Ignacio Navas, the general coordinator of the Housing Observatory of the Council of Notaries, approves of any measure that brings "legal security" to the landlord, but he criticizes what he sees as a pseudo-liberalization - in other words, a liberalization that is "excessive" for the tenant.

"I'd approve of giving both parties freedom [to set the rent] when both parties are individuals, but not when the landlord is a company," he notes.

The charity Cáritas Barcelona, which acts as a mediator between banks and mortgage holders to prevent evictions, is more critical with regard to the government's project, and has asked that it be scrapped because it serves the interests of "the financial sector," which wants to be able to rent homes in the short term with few restrictions, and with "everything in their favor when it comes to evictions."

In the NGO's opinion, Spain has a unique opportunity to develop a social housing stock if it chooses to use the "idle" property portfolios now in the hands of nationalized banks. This, says Cáritas, would be especially opportune at a time when thousands of families are teetering on the edge of social exclusion

Crowding out house-cramming migrants

NATALIA JUNQUERA

The government of Mariano Rajoy wants to put an end to the so-called pisos patera (or boatpeople flats), apartments with dozens of registered dwellers used by immigrants as proof of residence.

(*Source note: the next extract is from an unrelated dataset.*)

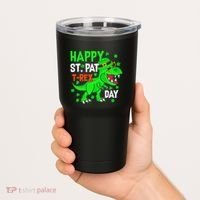 Happy St Pat T Rex Saint Patrick's Day Dinosaurs Happy Cute Tumbler thumb 2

A draft reform of city planning legislation by the Public Works Ministry will force local governments to deny empadronamiento (registering as local residents, a necessary step to access healthcare and other public services) when "maintaining adequate living conditions is presumed to be impossible, given the housing's surface area and the number of people already registered as living there."

This is not the first time that the issue of immigration and residency has caused controversy. In April, the government announced that registering locally will no longer be the only requisite to obtain a health card; from now on, applicants must also prove fiscal residence. This leaves an estimated 150,000 foreigners out of the system, except for emergency services, which remain open to anyone.

The idea of halting massive registering in pisos patera is not new. In January 2010, the Socialist government of José Luis Rodríguez Zapatero informed the Spanish Federation of Municipalities and Provinces of its intention to introduce new mechanisms to deny applicants the right to register on grounds of "lack of inhabitability." Eventually, however, it became another one of the legislative projects that the Zapatero administration left unfinished.

That initiative came on the back of a controversial decision by Torrejón de Ardoz, a town in the Madrid region run by the Popular Party, which decided to deny residency registration to all foreigners on a tourist visa and to applicants who claimed to live in a house or apartment with less than 20 square meters per person. The Socialist government meant to reduce that limit of inhabitability to between 10 and 15 square meters per person. Other cities such as Vic, in the Catalan region, attempted to prevent undocumented migrants from registering as residents, but a public outcry forced authorities to pull back.